# [What is needed]
Copy out exactly the stretch of the listing below that begins at the line containing "BMW 5 Series 2006" and ends at the line containing "BMW E46 1999", and copy nothing outside it.

# [Records supplied]
────────────────────

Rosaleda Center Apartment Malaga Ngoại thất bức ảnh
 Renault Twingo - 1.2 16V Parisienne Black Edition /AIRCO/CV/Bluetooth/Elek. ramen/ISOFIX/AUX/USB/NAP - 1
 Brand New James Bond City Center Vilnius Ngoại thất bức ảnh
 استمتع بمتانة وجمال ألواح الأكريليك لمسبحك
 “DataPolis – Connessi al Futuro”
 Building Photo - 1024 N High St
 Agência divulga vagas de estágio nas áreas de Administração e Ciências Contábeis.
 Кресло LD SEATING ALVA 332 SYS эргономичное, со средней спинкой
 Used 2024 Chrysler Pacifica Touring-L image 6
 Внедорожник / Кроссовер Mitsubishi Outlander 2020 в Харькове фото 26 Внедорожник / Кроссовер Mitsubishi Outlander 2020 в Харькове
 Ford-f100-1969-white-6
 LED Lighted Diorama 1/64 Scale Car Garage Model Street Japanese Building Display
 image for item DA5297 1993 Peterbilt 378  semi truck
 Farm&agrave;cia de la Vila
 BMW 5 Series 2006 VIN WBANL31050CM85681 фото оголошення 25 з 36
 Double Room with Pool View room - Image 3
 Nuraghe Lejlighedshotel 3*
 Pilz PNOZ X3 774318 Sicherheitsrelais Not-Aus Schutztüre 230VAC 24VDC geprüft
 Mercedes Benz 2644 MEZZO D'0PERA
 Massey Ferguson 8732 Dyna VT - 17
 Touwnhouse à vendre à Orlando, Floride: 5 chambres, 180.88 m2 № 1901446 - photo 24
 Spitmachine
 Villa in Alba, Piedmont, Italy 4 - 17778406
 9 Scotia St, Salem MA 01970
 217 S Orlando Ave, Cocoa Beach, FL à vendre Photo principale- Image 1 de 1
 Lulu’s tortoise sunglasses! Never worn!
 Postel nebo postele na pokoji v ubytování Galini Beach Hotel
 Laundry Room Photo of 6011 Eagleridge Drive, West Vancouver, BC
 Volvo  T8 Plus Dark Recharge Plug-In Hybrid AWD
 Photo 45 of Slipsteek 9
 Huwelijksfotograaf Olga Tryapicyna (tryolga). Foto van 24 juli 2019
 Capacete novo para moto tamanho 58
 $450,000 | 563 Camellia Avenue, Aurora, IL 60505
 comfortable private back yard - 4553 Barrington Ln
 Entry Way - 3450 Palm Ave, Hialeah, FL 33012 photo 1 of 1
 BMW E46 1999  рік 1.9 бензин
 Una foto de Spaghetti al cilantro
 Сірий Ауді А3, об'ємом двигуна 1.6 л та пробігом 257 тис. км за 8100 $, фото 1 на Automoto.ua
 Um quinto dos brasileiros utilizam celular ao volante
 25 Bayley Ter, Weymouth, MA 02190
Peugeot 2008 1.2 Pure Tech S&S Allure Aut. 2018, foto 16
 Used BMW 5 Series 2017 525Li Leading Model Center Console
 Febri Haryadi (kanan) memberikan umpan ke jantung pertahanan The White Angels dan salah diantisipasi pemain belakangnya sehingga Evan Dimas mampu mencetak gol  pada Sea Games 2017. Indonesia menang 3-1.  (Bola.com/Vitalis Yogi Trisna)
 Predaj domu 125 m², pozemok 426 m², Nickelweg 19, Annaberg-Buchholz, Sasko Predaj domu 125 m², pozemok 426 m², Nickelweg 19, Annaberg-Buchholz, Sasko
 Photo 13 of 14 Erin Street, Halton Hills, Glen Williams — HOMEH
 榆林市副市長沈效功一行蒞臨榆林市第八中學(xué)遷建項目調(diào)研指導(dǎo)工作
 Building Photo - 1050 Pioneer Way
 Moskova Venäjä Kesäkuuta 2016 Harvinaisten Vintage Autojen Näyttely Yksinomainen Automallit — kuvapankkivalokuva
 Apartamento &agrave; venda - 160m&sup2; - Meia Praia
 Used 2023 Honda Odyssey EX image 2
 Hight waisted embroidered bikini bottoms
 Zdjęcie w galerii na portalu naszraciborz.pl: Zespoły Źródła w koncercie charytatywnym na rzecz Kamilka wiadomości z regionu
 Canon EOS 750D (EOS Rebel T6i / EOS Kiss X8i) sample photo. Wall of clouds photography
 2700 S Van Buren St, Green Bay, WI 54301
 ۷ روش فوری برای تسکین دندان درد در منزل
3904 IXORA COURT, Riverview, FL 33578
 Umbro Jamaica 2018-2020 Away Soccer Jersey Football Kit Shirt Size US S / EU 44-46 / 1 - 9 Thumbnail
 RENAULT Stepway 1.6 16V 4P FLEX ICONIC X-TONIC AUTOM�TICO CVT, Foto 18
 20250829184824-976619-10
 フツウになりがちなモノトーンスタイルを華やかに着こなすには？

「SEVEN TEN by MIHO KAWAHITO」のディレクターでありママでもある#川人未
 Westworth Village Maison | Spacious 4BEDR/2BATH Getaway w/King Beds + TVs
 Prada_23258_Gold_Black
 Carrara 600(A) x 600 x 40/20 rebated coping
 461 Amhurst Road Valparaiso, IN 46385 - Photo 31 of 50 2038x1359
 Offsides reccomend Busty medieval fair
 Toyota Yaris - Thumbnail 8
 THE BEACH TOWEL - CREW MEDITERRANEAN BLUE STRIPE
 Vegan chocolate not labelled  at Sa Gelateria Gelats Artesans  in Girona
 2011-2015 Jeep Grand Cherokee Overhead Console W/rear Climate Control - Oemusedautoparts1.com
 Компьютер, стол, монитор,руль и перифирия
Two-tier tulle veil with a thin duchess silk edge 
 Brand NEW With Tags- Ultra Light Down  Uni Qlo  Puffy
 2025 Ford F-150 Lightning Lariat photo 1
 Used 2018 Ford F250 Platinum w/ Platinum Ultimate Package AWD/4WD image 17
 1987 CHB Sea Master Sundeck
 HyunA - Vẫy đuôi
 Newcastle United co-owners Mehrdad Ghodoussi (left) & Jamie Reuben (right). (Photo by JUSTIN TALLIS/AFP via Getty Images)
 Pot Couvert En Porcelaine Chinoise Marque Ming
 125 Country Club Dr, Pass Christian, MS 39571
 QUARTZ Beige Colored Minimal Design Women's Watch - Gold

────────────────────

# [Solved exercise]
 BMW 5 Series 2006 VIN WBANL31050CM85681 фото оголошення 25 з 36
 Double Room with Pool View room - Image 3
 Nuraghe Lejlighedshotel 3*
 Pilz PNOZ X3 774318 Sicherheitsrelais Not-Aus Schutztüre 230VAC 24VDC geprüft
 Mercedes Benz 2644 MEZZO D'0PERA
 Massey Ferguson 8732 Dyna VT - 17
 Touwnhouse à vendre à Orlando, Floride: 5 chambres, 180.88 m2 № 1901446 - photo 24
 Spitmachine
 Villa in Alba, Piedmont, Italy 4 - 17778406
 9 Scotia St, Salem MA 01970
 217 S Orlando Ave, Cocoa Beach, FL à vendre Photo principale- Image 1 de 1
 Lulu’s tortoise sunglasses! Never worn!
 Postel nebo postele na pokoji v ubytování Galini Beach Hotel
 Laundry Room Photo of 6011 Eagleridge Drive, West Vancouver, BC
 Volvo  T8 Plus Dark Recharge Plug-In Hybrid AWD
 Photo 45 of Slipsteek 9
 Huwelijksfotograaf Olga Tryapicyna (tryolga). Foto van 24 juli 2019
 Capacete novo para moto tamanho 58
 $450,000 | 563 Camellia Avenue, Aurora, IL 60505
 comfortable private back yard - 4553 Barrington Ln
 Entry Way - 3450 Palm Ave, Hialeah, FL 33012 photo 1 of 1
 BMW E46 1999  рік 1.9 бензин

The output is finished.